秋音は彼が走り去った後、クラスメイトやSNSなどを利用し情報をかき集めた。幸いなことに、目撃証言は沢山見つかり、二人の居場所を特定出来る情報はすぐに集まった。


「ほんと世話が焼けるんだから、感謝しなさいよ」


そう、沙癒に何か遭った時は、いつも秋音は助けてくれる。

裕作も沙癒の事を大切に思っているが、その気持ちは秋音も同じ、いや、それ以上かもしれない。


「……つまり、沙癒はそこにいるのか」


ここから第二体育館はそれ程距離は離れておらず、裕作であれば三分もあれば到着できる。

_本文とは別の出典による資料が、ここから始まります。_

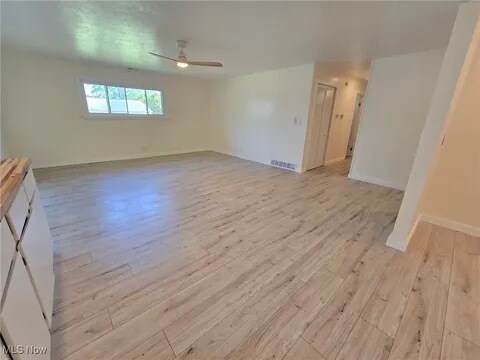 Building Photo - 10306 Winthrop Rd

本校舎から離れた場所で、今の時間は誰も寄り付かない。

やましい行動をするには絶好の場所だ。


『あたしも今から向かうから、あんた先に行きなさい』

「分かった。ありがとう、秋音」

『――気を付けて』


手短に秋音にお礼を言い、携帯電話をズボンのポケットへしまう。

「うし! 行くか!」


目的地がはっきりしたところで、裕作は制服の上着を脱ぎ棄てる。

すると、着痩せして目立たなかった上半身が露わになる。


鉄よりも硬く瓦の様に厚い胸板、大樹を彷彿とさせる太さの上腕二頭筋、パックリと綺麗に分かれたシックスパック。

中に着ているタンクトップは、筋肉の膨張で今にもはち切れそうになっており、周りにいた下級生をドン引きさせた。


ここに来るまでの過程で、体は温まっている。


――これなら、今よりも早く走れそうだ。


そう感じた裕作は、先ほどよりも力強く地面を蹴り出し走り出した。


……ちなみに、この出来事をきっかけに裕作は、下級生から「筋肉ゴリラ先輩」というあだ名をつけられるようになってしまったという。